From: Greg Rahn <greg_at_structureddata.org>
Date: Mon, 14 Jan 2008 08:09:15 -0800
Message-ID: <a9c093440801140809n28831e75o9eea837399b70eeb@mail.gmail.com>


Having the sys cpu time be more than the user is a red flag to me. Have you investigated this? Using dtrace would be a good start. Run this command for 30 seconds or so while the sys time is high, then ctrl-c out of it.
dtrace -n 'syscall::: {@[execname,probefunc] = count ();}'

Check out Brendon Gregg's page for more good dtrace stuff http://www.brendangregg.com/dtrace.html#OneLiners

I think you could make some /etc/system changes.
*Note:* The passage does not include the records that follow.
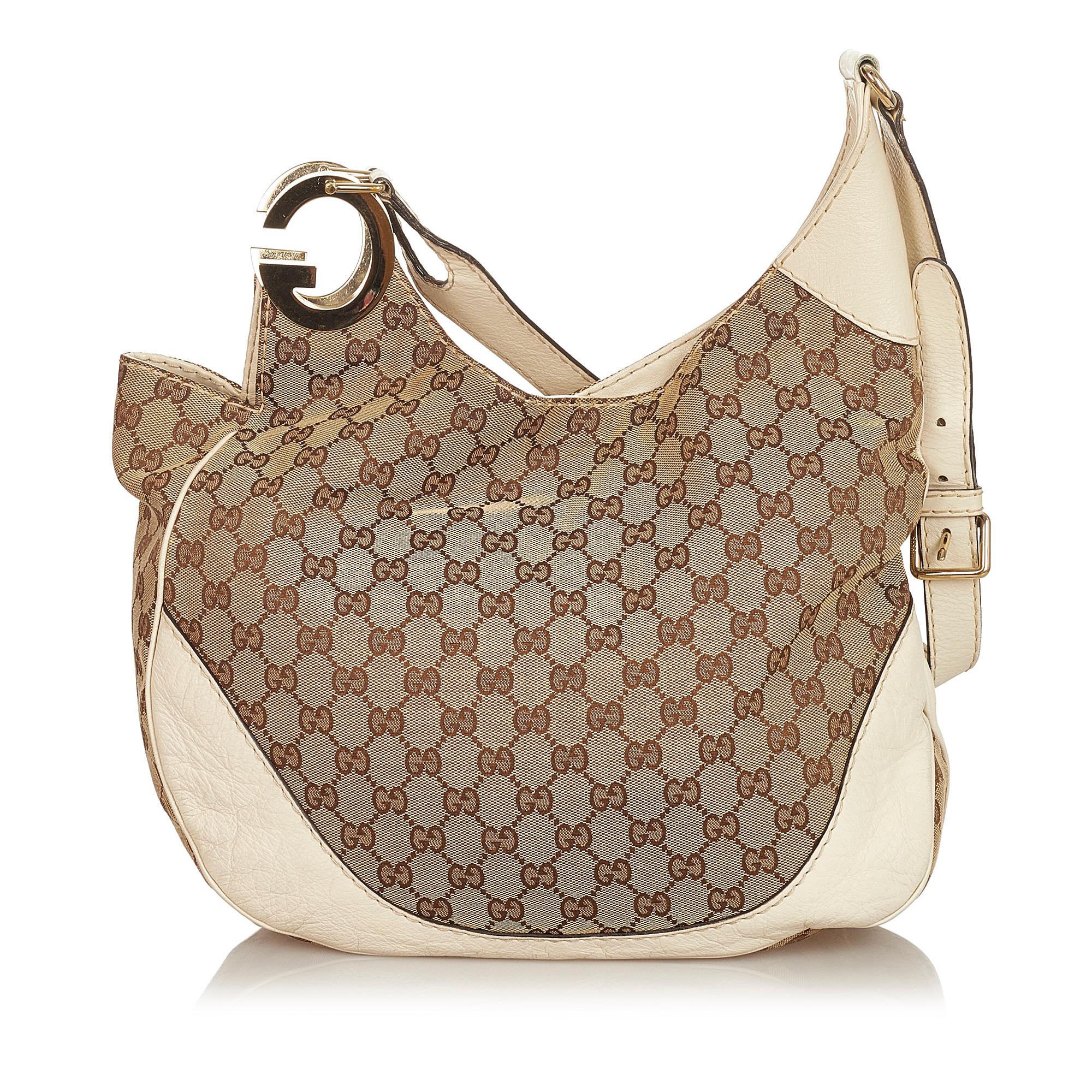 Gucci Gucci Canvas Charlotte Shoulder Bag (SHG-26341)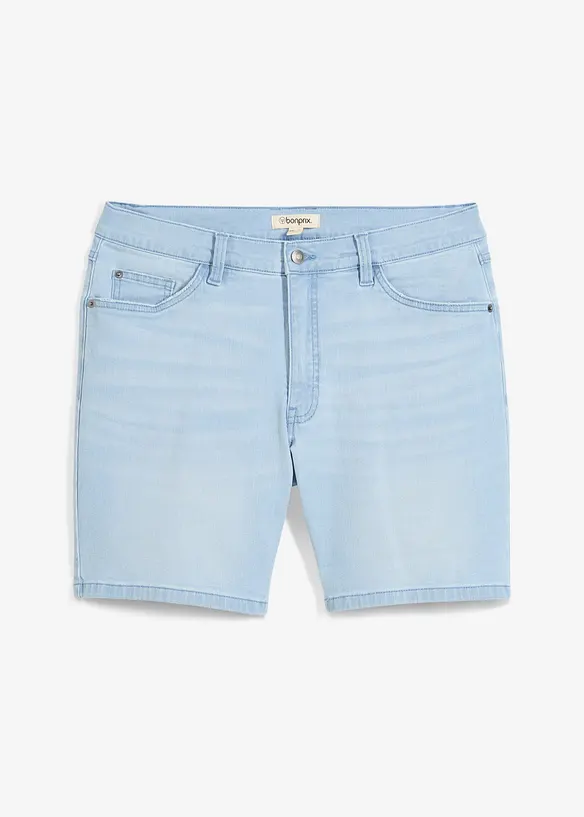 Jeans stretch short, loose fit extra wijd, bonprix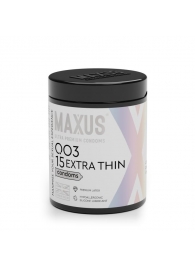 Экстремально тонкие презервативы MAXUS 003 Extra Thin - 15 шт. - Maxus - купить с доставкой в Новороссийске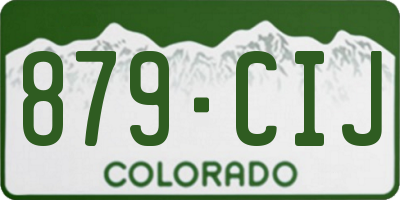 CO license plate 879CIJ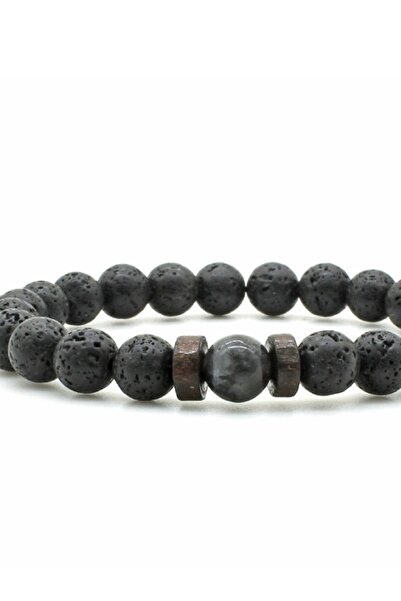 Padore Accessory للجنسين - سوار من الحجر الطبيعي الأنيق من حجر اللاف واليشم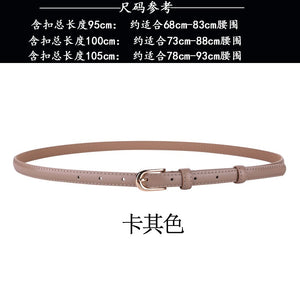 Fashion Black Genuine Leather Thin Dress Blazer Waist Decorative Belt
You have vol_maxio=2048 (1MB) but maxphys=131072. These don't match up well. I would recommend these settings:
set tune_t_fsflushr=60
set autoup=900
set maxphys = 2097152
set md_maxphys = 2097152

Just some other thoughts...
- you could consider creating a processor set of one CPU and assigning the lgwr to it if you feel it is not getting on the CPU - I'm not certain that you've demonstrated there is any lgwr IO issue.  You are suggesting solutions, but I've not seen any evidence what is the problem, other than some one liners from statspack. What does iostat show? Does the array software show any high IO times? Do you have a lazy lgwr or is it constantly pumping out IOs? How large are the IOs? What are the response times for those IOs? Does it even matter how many physical drives there are on the LUN for redo when there is 160GB of cache on the array? All these are questions that probably should be researched before making any significant changes. - the last thing I would do is go making changes to stuff where you don't have any evidence there is a problem. That is probably the least effective way to troubleshoot an issue. A systematic approach will always prevail.

Hope this helps.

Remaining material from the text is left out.